MUMBAI, India, June 22 -- Intellectual Property India has published a patent application (202641069994 A) filed by Bangalore Technological Institute on June 04, 2026, for A System And Method For Mobile-Initiated Cloud-Offloaded Convolutional Neural Network Based Speech Emotion Classification.

Inventors include Shylaja D N; Divith K Rathod; Gagan Gowda S; and Girish S K.

The application for the patent was published on June 12, 2026, under issue no. 24/2026.

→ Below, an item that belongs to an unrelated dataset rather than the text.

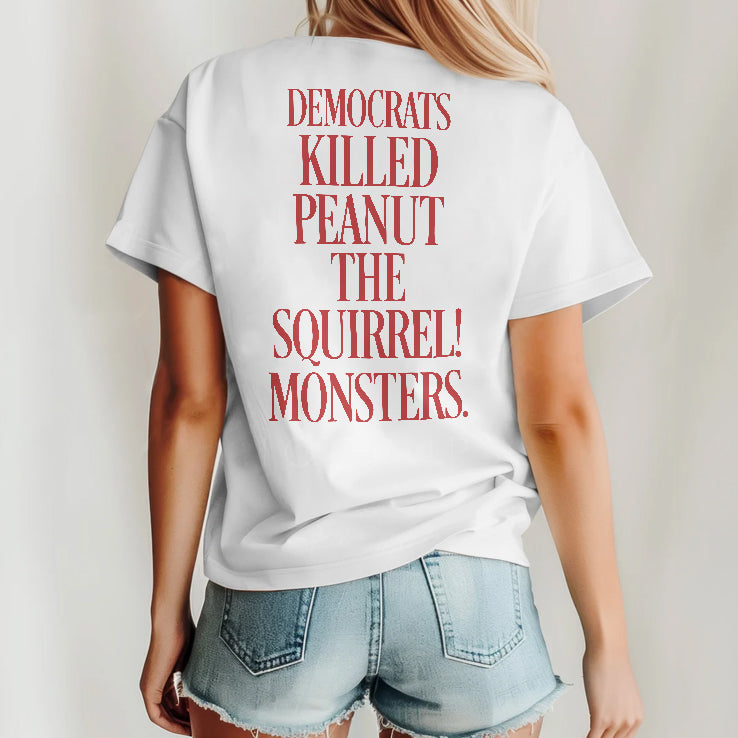 Justice For Peanut Democrats Killed Peanut The Squirrel Monsters Shirt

Abstract: The invention discloses a cloud-based Speech Emotion Recognition (SER) system that employs a Sequential Convolutional Neural Network to classify human speech into eight emotional states—Happy, Sad, Angry, Fear, Disgust, Neutral, Surprise, and Calm. The system overcomes the on-device computational bottleneck of mobile deep learning by deploying the trained CNN model on the Heroku cloud Platform-as-a-Service via a Flask API server, exposing a prediction endpoint through the Heroku API Gateway. A lightweight Android mobile application records or selects a speech audio file, encodes it to Base64, and transmits it to the cloud via a REST POST request using the Volley and OkHttp libraries. The Flask server decodes the audio, extracts a 162-dimensional acoustic feature vector—comprising Mel- Frequency Cepstral Coefficients, Chroma Short-Time Fourier Transform features, Root Mean Square energy, and Mel Spectrogram features—and passes it through the CNN inference engine. The Softmax output layer returns the predicted emotion as a JSON response to the Android client, delivering real-time classification results in under one minute on a standard Android smartphone. The CNN model is trained on a merged, augmented dataset of 12,161 audio files drawn from the RAVDESS, TESS, SAVEE, and CREMAD corpora, achieving a training accuracy of approximately 97% and a validation accuracy of approximately 68%, with 78 out of 100 arbitrary real-world audio samples correctly classified.

Disclaimer: Curated by HT Syndication.